From 1961 to 1962, Charlton published an additional five issues, vol. 2, #11-16, containing reprinted material and used as promotional giveaways. Another reprint issue, Atomic Mouse vol. 3, #1 (Dec. 1984) followed, as did a three-issue fourth volume (#10-12, Sept. 1985 – January 1986).

Writer Mike Curtis and penciler Charles Ettinger revamped the character in Shanda Fantasy Arts' SFA's Atomic Mouse, which ran for three issues published from 2001 to 2004. The same publisher issues the one-shot publication SFA's Atomic Mouse vs. Power Jack in 2009.

In November 2024, Atomic Mouse guest-starred in issue #9 of Tomorrow Girl, a title published by Antarctic Press written by John Holland, with art by Ben Dunn and Larry Guidry, alongside Herbie Popnecker and Fatman the Human Flying Saucer.

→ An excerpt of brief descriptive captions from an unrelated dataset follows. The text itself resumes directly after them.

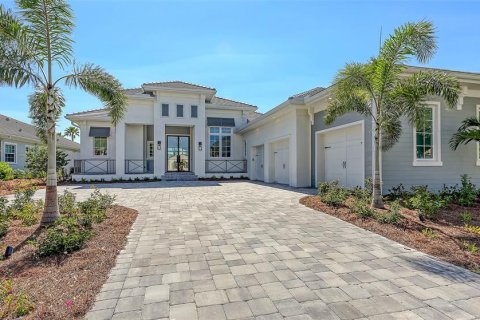 Villa ou maison à vendre à Lakewood Ranch, Floride: 4 chambres, 333.52 m2 № 1572370 - photo 1
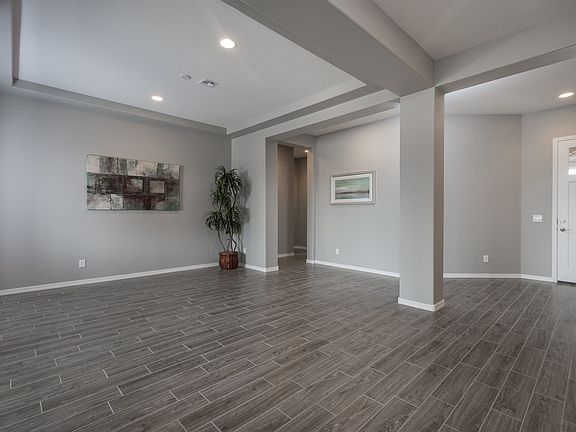 Trey Ceiling Formal Dining Room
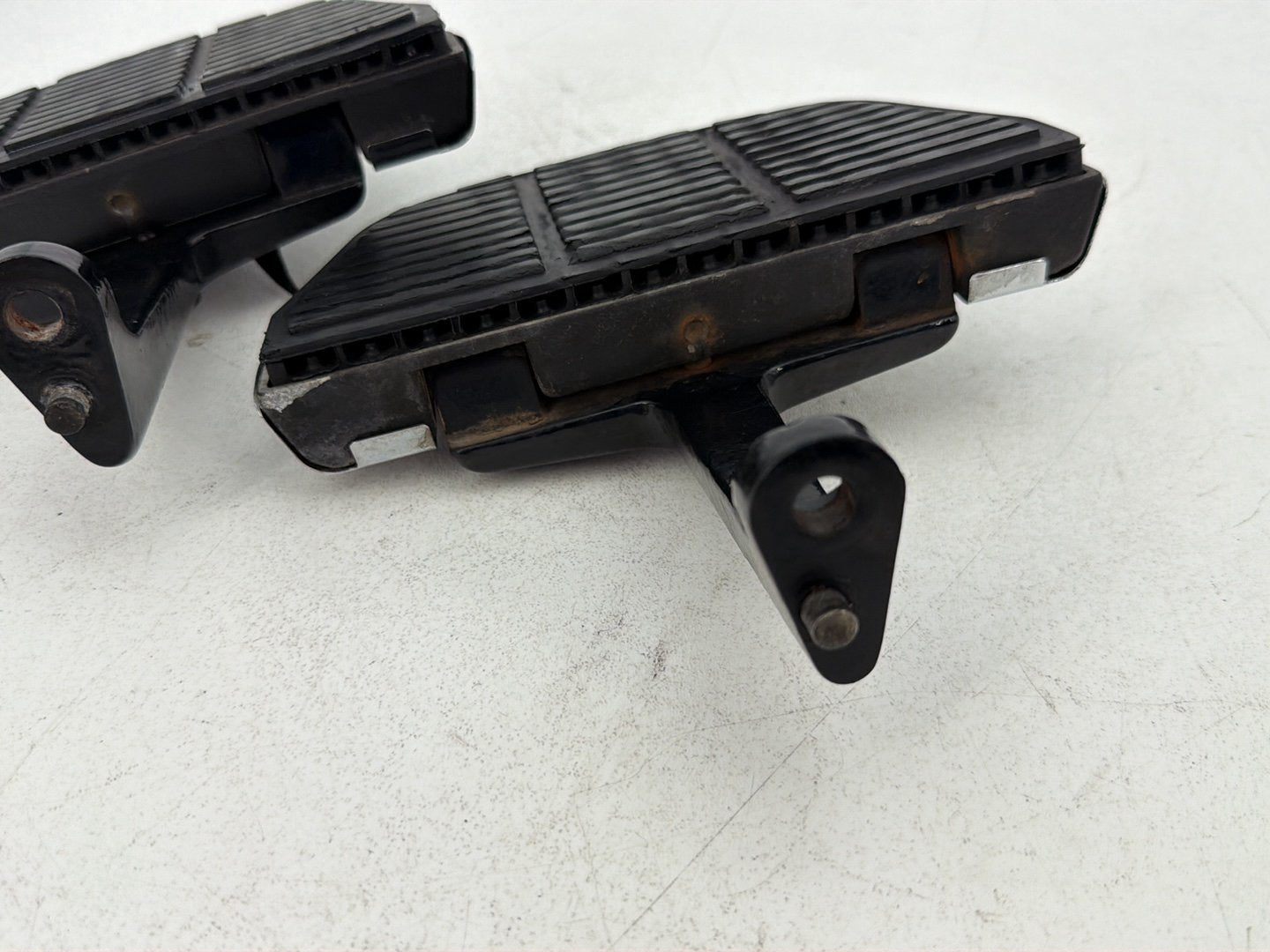 1984 - 1998 Harley-Davidson Touring Electra Glide Classic Left & Right Passenger Floorboard Foot Rest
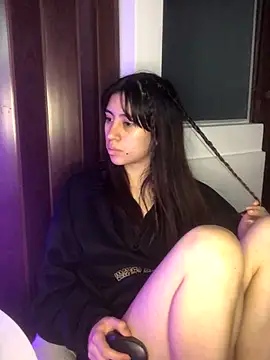 Catyloves online show from December 5, 5:04 am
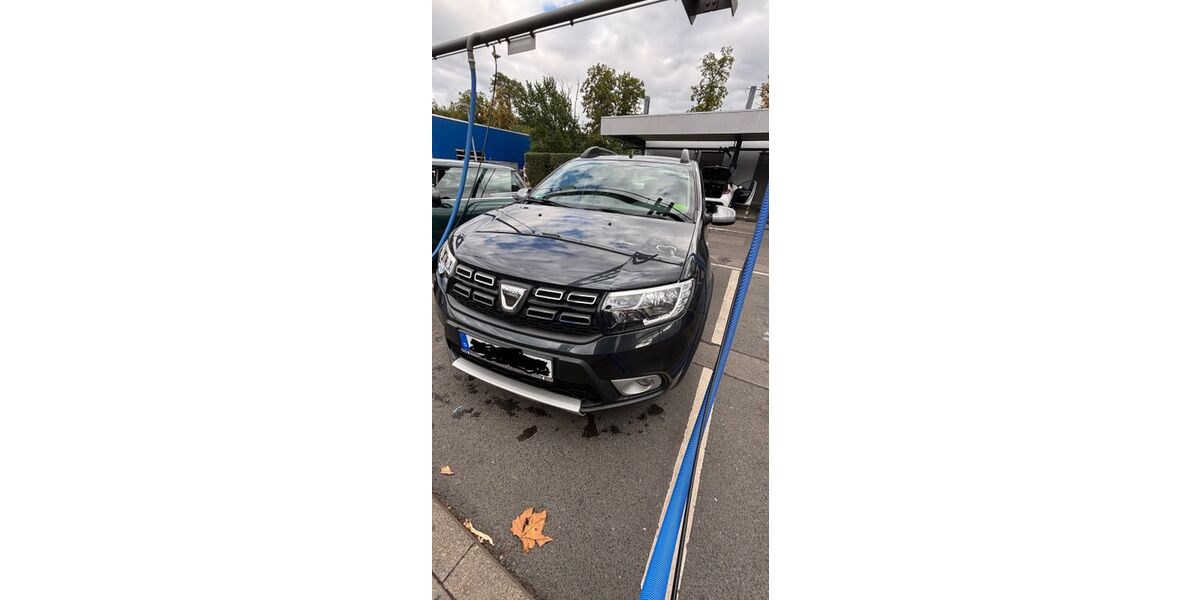 Dacia Sandero 110.000 km 6.900 &euro; Berlin 12437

Fago went on to create Atomic Rabbit (a.k.a. Atomic Bunny) and Atom the Cat.

==Fictional character biography==
Cimota Mouse (his first name being "atomic" spelled backwards) is an ordinary mouse whom an evil wizard shrinks to the size of an atom. In that microscopic realm, Professor Invento gives U-235 pills that grant Cimota superpowers, which he uses to fight for justice against the evil Count Gatto.